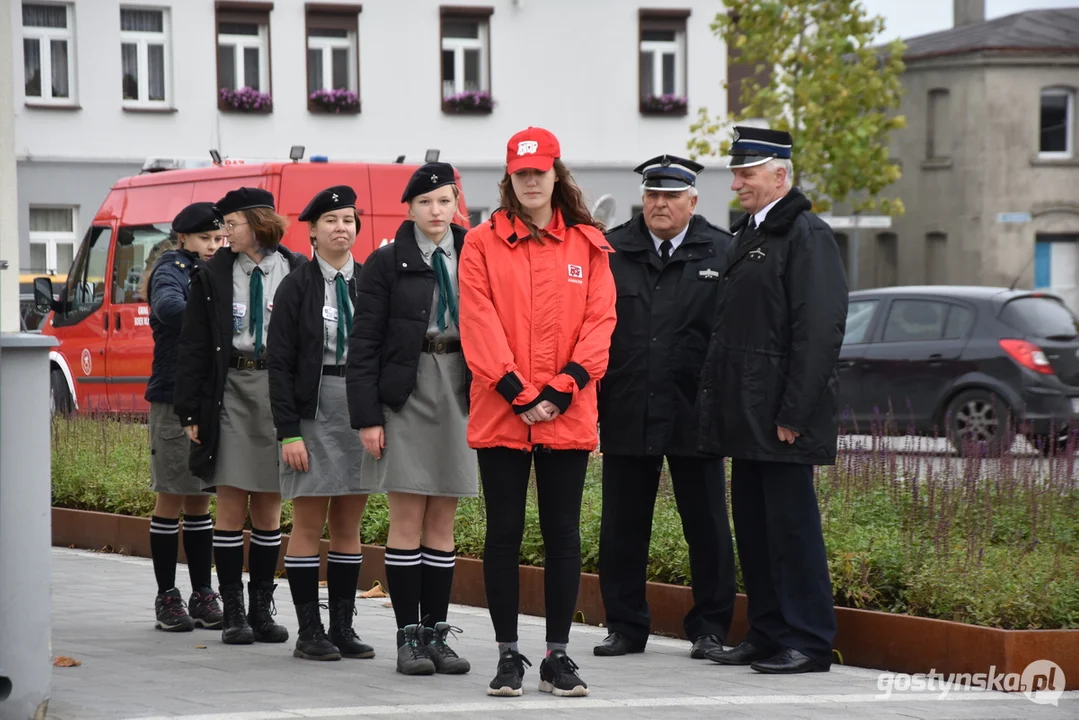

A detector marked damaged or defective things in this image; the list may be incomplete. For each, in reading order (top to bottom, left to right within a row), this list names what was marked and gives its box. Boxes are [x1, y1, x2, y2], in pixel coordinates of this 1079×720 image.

rusted metal planter edge [54, 507, 1074, 686]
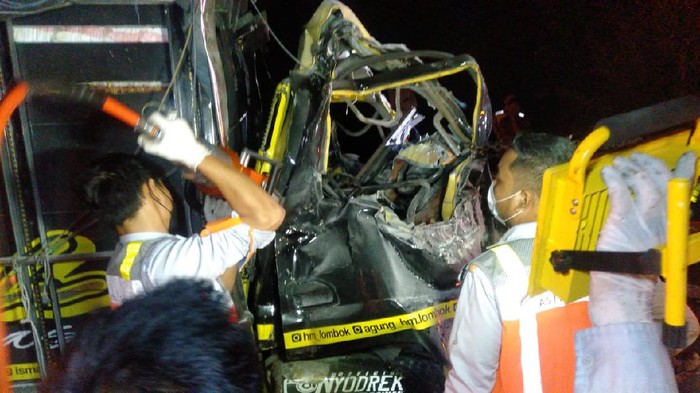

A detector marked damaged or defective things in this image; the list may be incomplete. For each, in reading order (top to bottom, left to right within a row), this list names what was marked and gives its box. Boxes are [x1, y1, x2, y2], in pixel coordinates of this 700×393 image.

wrecked truck cab [253, 0, 492, 388]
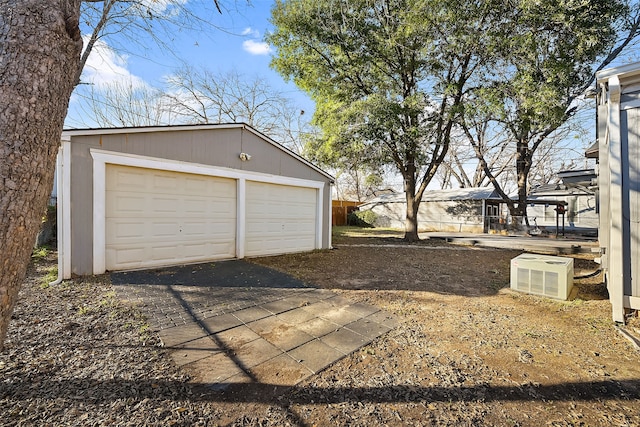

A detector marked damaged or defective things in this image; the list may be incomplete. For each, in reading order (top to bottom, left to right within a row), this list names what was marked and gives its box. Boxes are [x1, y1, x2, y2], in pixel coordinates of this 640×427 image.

detached two-car garage [56, 123, 330, 278]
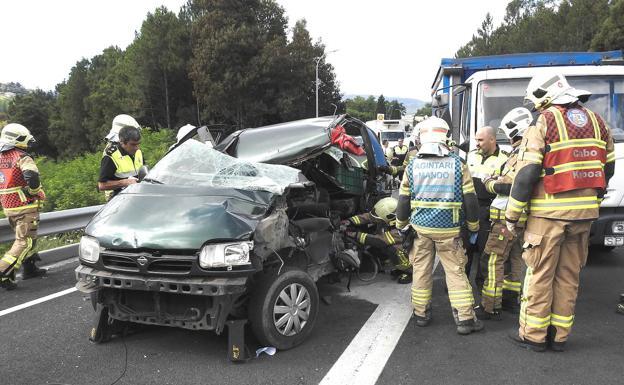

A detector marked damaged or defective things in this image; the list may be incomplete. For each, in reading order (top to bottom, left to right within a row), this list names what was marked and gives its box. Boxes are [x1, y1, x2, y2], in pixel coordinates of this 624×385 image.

severely damaged car [75, 114, 390, 354]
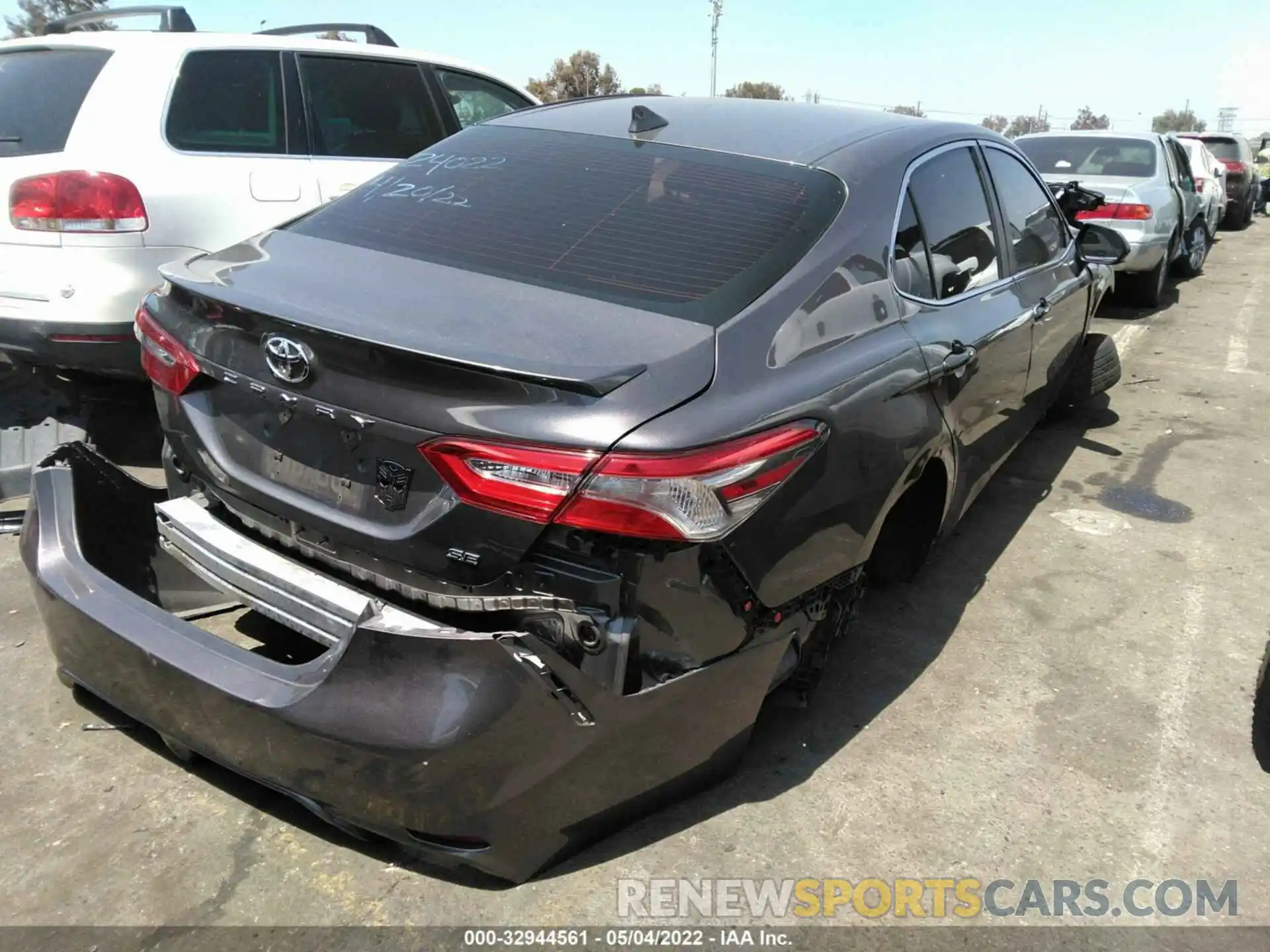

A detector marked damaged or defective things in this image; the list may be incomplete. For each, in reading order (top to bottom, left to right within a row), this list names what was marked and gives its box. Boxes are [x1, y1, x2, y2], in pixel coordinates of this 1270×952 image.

broken taillight housing [135, 305, 199, 396]
damaged rear bumper [22, 444, 782, 883]
detached bumper cover [24, 444, 782, 883]
broken taillight housing [421, 424, 827, 543]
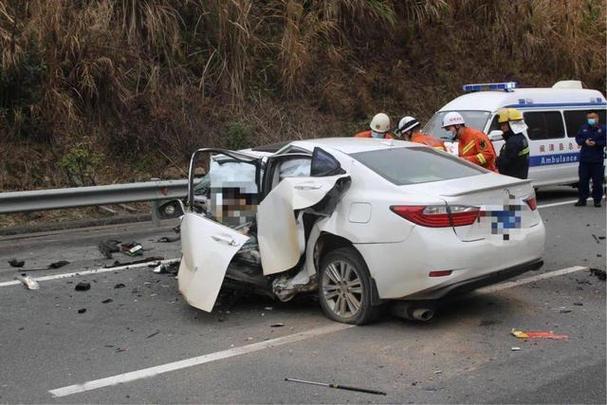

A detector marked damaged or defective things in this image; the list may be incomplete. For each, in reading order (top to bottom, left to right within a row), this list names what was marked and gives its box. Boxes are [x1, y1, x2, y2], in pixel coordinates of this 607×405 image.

crumpled car door [178, 213, 249, 310]
crumpled car door [258, 147, 352, 276]
severely damaged car [162, 137, 548, 324]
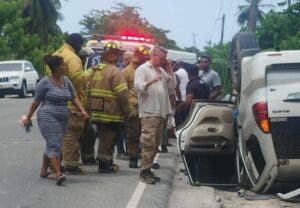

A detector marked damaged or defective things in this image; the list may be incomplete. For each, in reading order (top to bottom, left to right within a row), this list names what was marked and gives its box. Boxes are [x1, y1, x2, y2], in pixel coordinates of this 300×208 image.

overturned suv [177, 32, 300, 193]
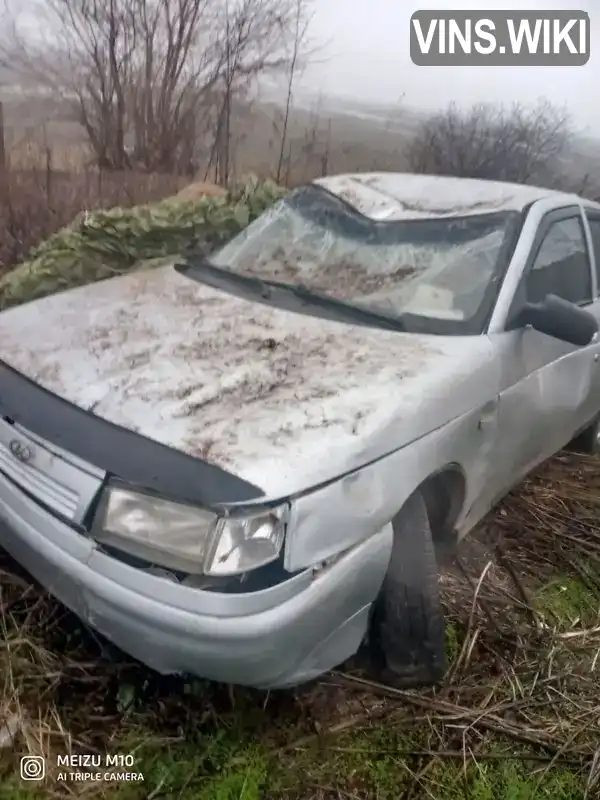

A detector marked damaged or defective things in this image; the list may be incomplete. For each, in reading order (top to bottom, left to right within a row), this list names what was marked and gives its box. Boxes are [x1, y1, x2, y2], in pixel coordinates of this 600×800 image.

broken headlight [93, 488, 288, 576]
damaged silver sedan [1, 173, 600, 688]
wrecked car [1, 173, 600, 688]
cracked windshield [211, 187, 516, 322]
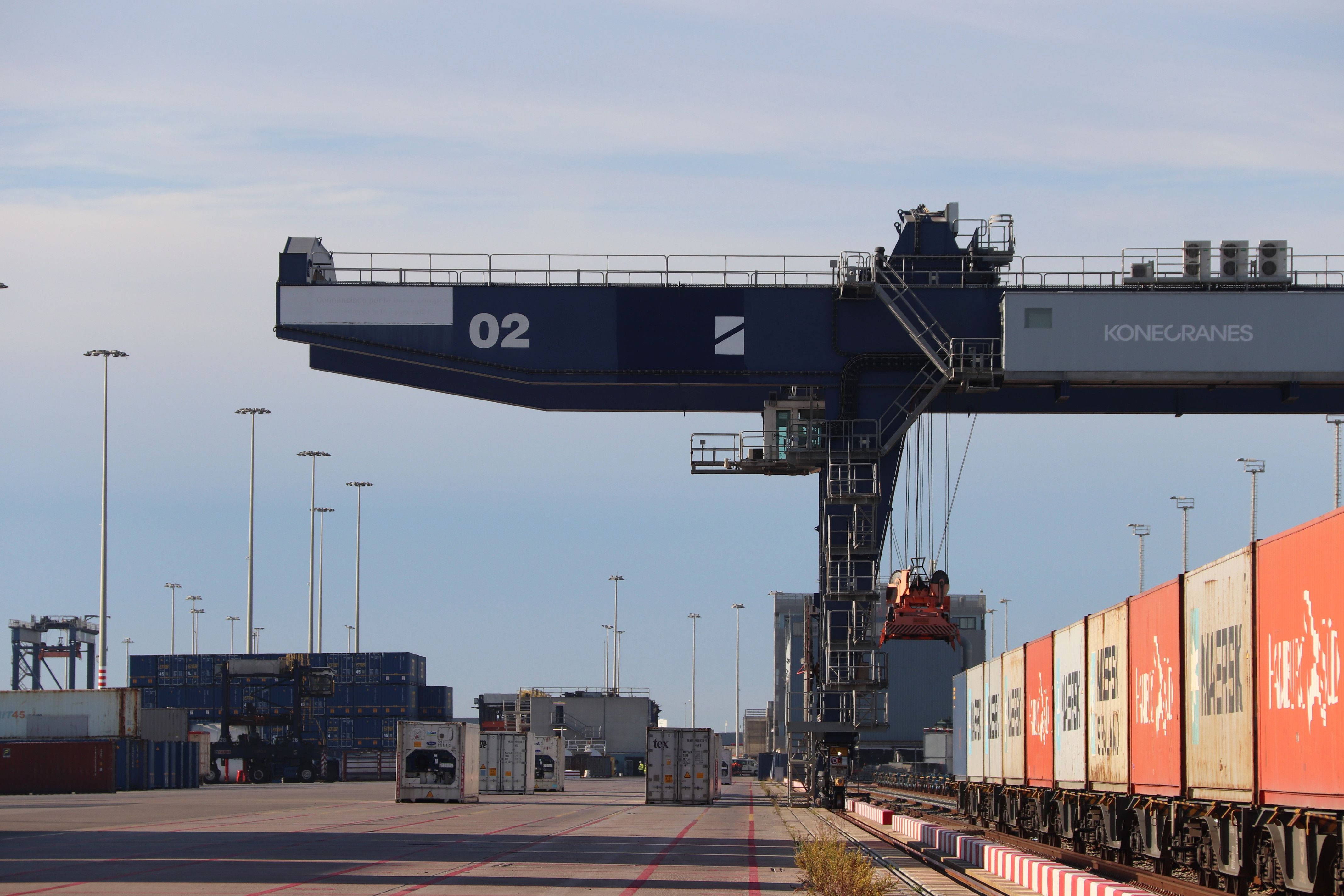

══════════════════════════════

> _WHAT YOU ARE ASKED TO DO_: From the material above, set down each entry exactly, but exclude the pictures.

> _WRITTEN REPLY_:
A detector marked damaged or defective things in this image; the list may be incomplete. For each, in reading order (top to bottom, left to right within a row), this list names what was marked and gives its box. Boxes are [x1, y1, x2, y2], in pixel coordinates of this 1079×720 image.

rusted metal planter edge [54, 507, 1074, 686]

A detector marked damaged or defective things in this image; the list may be incomplete. For each, in reading order (top to bottom, left to right within a row), this list names what was marked and gives its box. Boxes are [x1, y1, x2, y2], in pixel coordinates of this 700×393 image.

wrecked truck cab [253, 0, 492, 388]

A detector marked damaged or defective things in this image; the list may be incomplete. For each, in reading order (top to bottom, left to right within a row), this list names what was marked and gives its box. Boxes are [x1, y1, x2, y2], in pixel coordinates of this 640×427 image.

detached two-car garage [56, 123, 330, 278]

A detector marked damaged or defective things in this image; the list may be incomplete. For each, in reading order (top to bottom, left to right within a row), this list names what was marked and gives its box. Boxes are [x1, y1, x2, y2], in pixel coordinates of this 624×385 image.

severely damaged car [75, 114, 390, 354]

A detector marked damaged or defective things in this image; the list may be incomplete. For each, in reading order (top to bottom, left to right within a row), this list names what was marked and gives its box. Boxes are [x1, y1, x2, y2], in pixel coordinates of this 1270×952 image.

broken taillight housing [135, 305, 199, 396]
damaged rear bumper [22, 444, 782, 883]
detached bumper cover [24, 444, 782, 883]
broken taillight housing [421, 424, 827, 543]

A detector marked damaged or defective things in this image; the list may be incomplete. For each, in reading order (top to bottom, left to right within a row), this list names what was marked and gives its box. Boxes are [x1, y1, x2, y2], in pixel coordinates of this 607×405 image.

crumpled car door [178, 213, 249, 310]
crumpled car door [258, 147, 352, 276]
severely damaged car [162, 137, 548, 324]

A detector marked damaged or defective things in this image; the list may be incomplete. For each, in reading order (top to bottom, left to right within a row), this list names what was marked and gives its box. Boxes are [x1, y1, x2, y2], in pixel coordinates of this 300×208 image.

overturned suv [177, 32, 300, 193]

A detector marked damaged or defective things in this image; the list may be incomplete. For each, in reading order (top to bottom, left to right within a row), this list names what was marked and gives its box. Boxes are [x1, y1, x2, y2], in pixel coordinates of this 600×800 image.

broken headlight [93, 488, 288, 576]
damaged silver sedan [1, 173, 600, 688]
wrecked car [1, 173, 600, 688]
cracked windshield [211, 187, 516, 322]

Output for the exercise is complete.